Юре было хорошо: он вырос в детдоме, в анкете писал: «Родителей не помню, их социального положения не знаю». Подкопайся к нему!

— Тогда надо еще больше ожесточиться и исключать из партии бывших дворян. А они стали профессиональными революционерами, шли на каторгу, за революцию жизнь отдавали. Далеко зайдем.

— Ишь куда загнул! Мы судим не за то, что кем-то был, а за то, что утаивал.

Но Коковцева все же не исключили, а дали лишь выговор и предложили исправить анкету.

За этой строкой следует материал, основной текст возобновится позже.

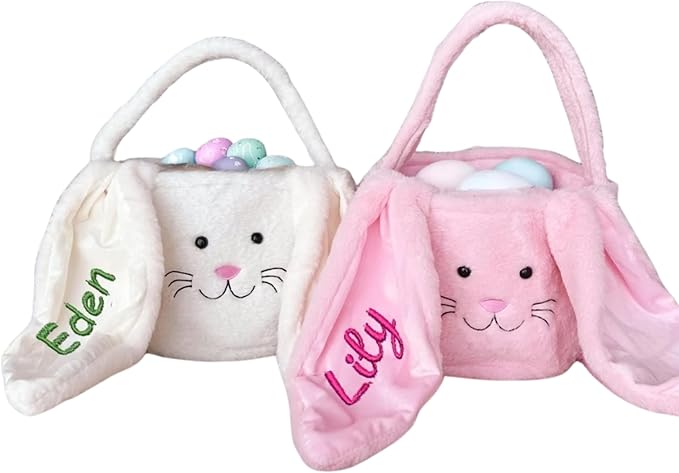 Personalized Easter bunny basket, Plush Embroidered Easter basket, Bunny Basket with Name,Easter egg hunt basket,Custom Easter Bucket (Brown)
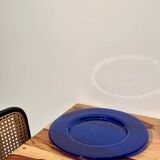 Plat/Assiette en verre bleu vintage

После бюро Громачев и Лапышев пошли домой пешком, чтобы хоть немного побыть на воздухе. По пути Роман спросил:

— Слушай, Юра, у тебя нет ощущения, что Рубинская своей активностью загоняет нас в угол и заставляет действовать так, как ей угодно? Она вынюхивает, выискивает порочащих предков и заставляет нас ожесточаться против тех, кто порвал связи с родителями. Многие из них стали честными работягами. Ведь бытие определяет сознание, а не прошлое деда или бабки.

— Так-то так, Рубинская, конечно, стервозная баба, но я, отсекр, вынужден поддерживать ее стремление очистить комсомол и институт от чуждых, ненадежных элементов. Этого требует классовая справедливость. В прежние времена тебя бы не допустили к высшему образованию. Со свиным рылом не суйся в калашный ряд. Почему же мы должны быть снисходительны к выходцам из дворян, купцов, кулаков? Так что я сознательно не останавливаю Рубинскую. Пусть проявляет бдительность, расшевеливает благодушных. Ею прямо какой-то бес руководит.